The bottom line is that cooking, baking and other-food-making have an inherent flexibility to them. When my mom got ready to make meatballs, she first had to open the package of meat. When I was a child, before the Shop-Rite supermarket was built, there was still a butcher shop in town. The butcher weighed the amount of meat you asked for on a scale that hung – shallow metal bowl on one side, counterweight on the other – and then wrapped it in a waxy paper and tied it with red and white string. She might have said “and a pound of ground beef” to the man (it was always a man in there) and just like the experienced people who work at deli counters everywhere, he came pretty darn close to a pound on his first try. He knew what a pound looks like. If we were having company for dinner, she might say, “a little more today, please” and when it looked like the right amount to her, he wrapped it up.

This is the kind of string I mean. They still use it at a lot of places, including Mike’s Pastry, a terrific cannoli place in the North End of Boston. The delicious cannolis are long gone, but the string brings me back.

red string.jpg

Later when Mom bought ground beef at Shop-Rite, she took a package from the refrigerated case. These were marked to the hundredth of a pound, maybe 1.03 pounds or 1.13 pounds. If she needed “a little more” maybe she bought 1.37 pounds, or to make enough to be able to freeze some, maybe 2.41 pounds. Correspondingly, the quantity of squeezed bread, grating cheese, eggs and salt and pepper had to be adjusted, all of which she did by eye, by feel, by (ugh) taste.

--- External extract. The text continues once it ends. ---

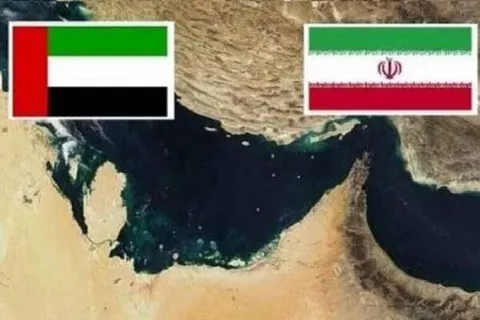 برگزاری مجمع عمومی اتاق مشترک ایران و امارات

When she made what we fondly and invariably called “sauce” (i.e. the tomato-based red sauce for pasta that included meat), sometimes she started by browning up some Italian sausage in the pot – great extra flavor and yummy on the side later — and sometimes, if she had it left from another meal, she threw in the bone from a lamb roast or a pork roast. From my mother, early on, I learned that flexing a little on the ingredients adds variety, enhances the flavors and uses up leftovers in a good way. I also learned not to be intimidated when you are forced to flex because you don’t have something on hand. If she was running low on the grating cheese and had only half the amount she wanted, she just added a little more salt.

You can be flexible with pans too. In the early days I eyeballed whether or not the pan I had would hold about the same as the pan that was called for. You can use math for this as well. Last year I was translating a brownie recipe for some friends in Germany and remembered that they don’t necessarily have 8-inch square pans. Springform pans are more common there than here. So what size springform pan would hold the same amount of brownie batter as an 8×8? You just have to do the math (then convert to centimeters, but okay, this is still basic math). Your brownies might be a little thicker or a little thinner, but as the Germans might say, “ist egal”: It doesn’t matter.

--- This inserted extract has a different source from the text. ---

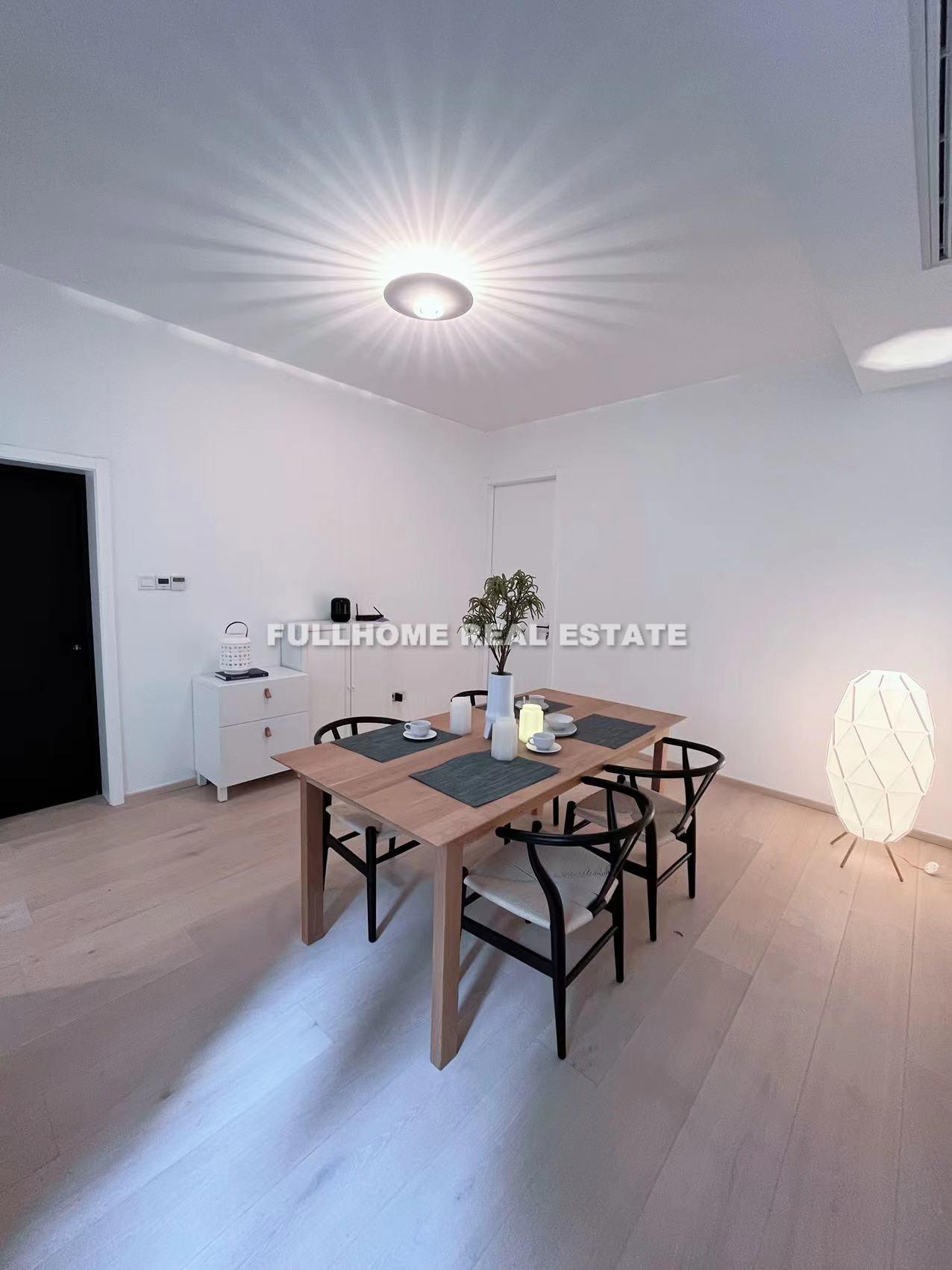 Lane 1-1000 Nanchang Road Old House - Interior view 15, Shanghai rental property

In the short run being flexible makes for less driving (fewer trips to the store for the one thing you don’t have) and in the long run for less stress and maybe even better results. You don’t have pickle relish but you do have pickles? Not a big deal — chop up the pickles. Maybe you decide you like it with a little more texture. You don’t have any of the homemade vanilla that you love to use in your banana bread? It won’t be exactly the same but you can use the extract you bought in a grocery store. (Next time you’ll remember the homemade stuff!) You have only two carrots for your soup and it calls for three? It’s not the end of the world. Pretend your carrots are bigger than usual. You had to substitute Jarlsberg for domestic swiss in your quiche? You might find (I suspect will find) it’s actually better that way.

By extension, life also has an inherent flexibility to it. Working with food in the kitchen helped me learn that. Things don’t always go the way you think, you don’t always have what you need, people don’t always come through the way you wish you sometimes have to wiggle your way to the end goal. Ist egal. You learn to do the best you can with what you have in the time you have it.